A Mox On Both Your Houses

Normally I'd let this pass as it's obviously designed to get geeks in an uproar: Alyssa Bereznak's Gizmodo article bashing Jon Finkel, a former Magic: The Gathering world champion, after they went on a few dates. However, it's been a few days and I still feel the need to talk about it.

That plus I had the article sent to me by quite a number of people. Apparently my friends associate me with magic. Awesome!

There was a time in my youth when becoming a pro MTG player was a life goal. Hell, what am I saying. That's still on my goals list. Maybe I still have some decks hanging around. Maybe one of my friends has the Power Nine locked up in his safe, next to his gun and important documents. (I ogled the cards, avoided the gun, and photographic memoried the documents) Maybe if you call and say you're looking to play some Magic, I'll be right over.

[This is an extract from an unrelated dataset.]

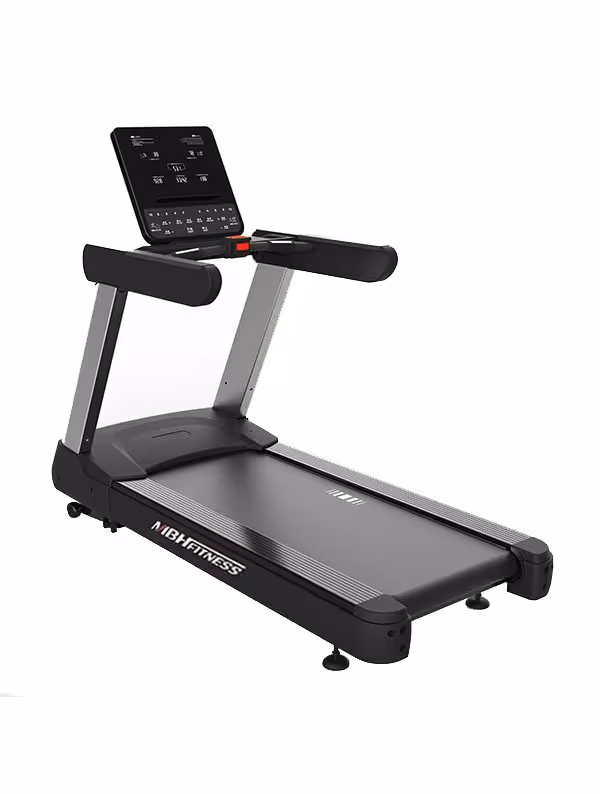 تردميل باشگاهی MUSCLE SPIRIT مدل U5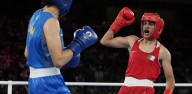 La boxeadora Imane Khelif recurre al TAS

The one girl I liked in high school was reasonably adept at Magic. Let me rephrase that. This one girl in high school was reasonably adept at Magic and thus I liked her. It saddens me to think that people would get shunned in the dating world simply because they were really great at something dorky. In today's culture, everyone is into something nerdy, as Patton Oswald argued. How you gonna hate on Magic when you obsess over _____?!

In support of Finkel, I'm going to change my OK Cupid profile. The section for what I'm doing with my life will now read "aspiring Magic the Gathering world champion." My six things I could never do without will be red, white, blue, black, green, and colorless mana. I hope nobody takes that ironically because I won't be replying if they do. In addition, the next girl that says "phelddagrif" to me I'm going to propose to. I hope she'll agree that our budget wedding should be MTG themed.

Apparently in 2000, ESPN2 televised the Magic World Championships between Finkel and Bob Maher. Where was I when this was happening? Finkel has won hundreds of thousands of dollars playing Magic, was immortalized in a card, took Vegas for lots of money playing blackjack, and is now a managing partner at a hedge fund. How you gonna reject a resume like that?

The whole time I was reading about Alyssa's article and its subsequent fallout, I kept thinking about the line Fred Waitzkin delivers in Searching for Bobby Fischer. When his son's teacher disparages chess, Fred says, "[Josh's] better at this than I've ever been at anything in my life. He's better at this than you'll ever be, at anything. My son has a gift. He has a gift, and when you acknowledge that, then maybe we will have something to talk about."